Enfin bref, mon petit frère, lequel est incidemment prof de philosophie au cégep. a aujourd'hui publié un lien sur Facebook menant à une lettre d'opinion publiée sur Le Devoir. J'en parle ici, parce que la lettre rejoint un peu ce que j'ai écrit sur le sujet ici. J'y disais alors que c'est à partir du cégep "que l'on développe son esprit critique, que l'on quitte pour de bon la petite école et l'enfance". Je ne partage pas l'opinion de David Desjardins sur l'université, sans doute parce que j'y ai étudié très longtemps et y ai également enseigné. Cela dit, je suis entièrement d'accord sur ce qu'il dit à propos du cégep.

Friday, 18 January 2013

Sigurd and the Dragon

I left work earlier because of the snow that fell over the UK. Luckily, the trains left on time, so I was not stranded anywhere. Anyway, I spent my free afternoon reading, amont other things (as I read many books at the same time) Gods and Heroes from Viking Mythology. I am still at the creation of the world, with frost giants being very loud when they are having council, which is irritating Odin and his brothers. I am looking forward to get into the stories of Viking heroes.

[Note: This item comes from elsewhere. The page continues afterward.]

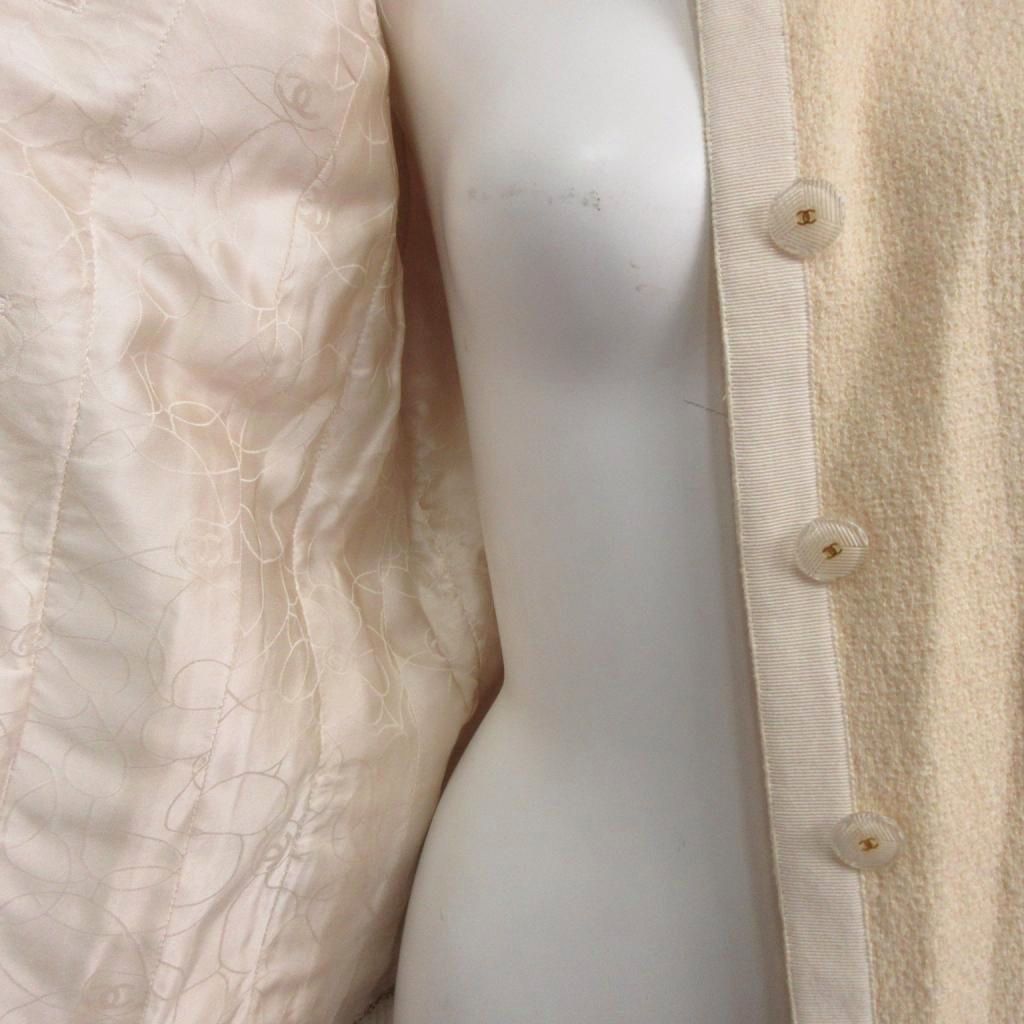 Chanel 02P Collarless Tweed Jacket CC Logo Button L Ivory 40 — view 7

Last Christmas, I read the story of Sigurd to my godson, because he had been very impressed by the image I uploaded on the right (drawing by Giovanni Caselli). I say I read it, but I didn't read it much, as it was quite a long story. I barely had time to read the introduction, until Fafnir murders his father Hreidmar and turns into a dragon. At least my godson had time to see the dragon get into the story. My mother kept telling me: "Oh, just read the bit about the dragon!". But it is difficult for the story to make any sense without any context. So I read it from the beginning, until he started dozing off. Of course I looove the legend of Sigurd. I read the Sigurd legend before the stories it had inspired, among them The Lord of The Rings, so it has an "original" charm to me.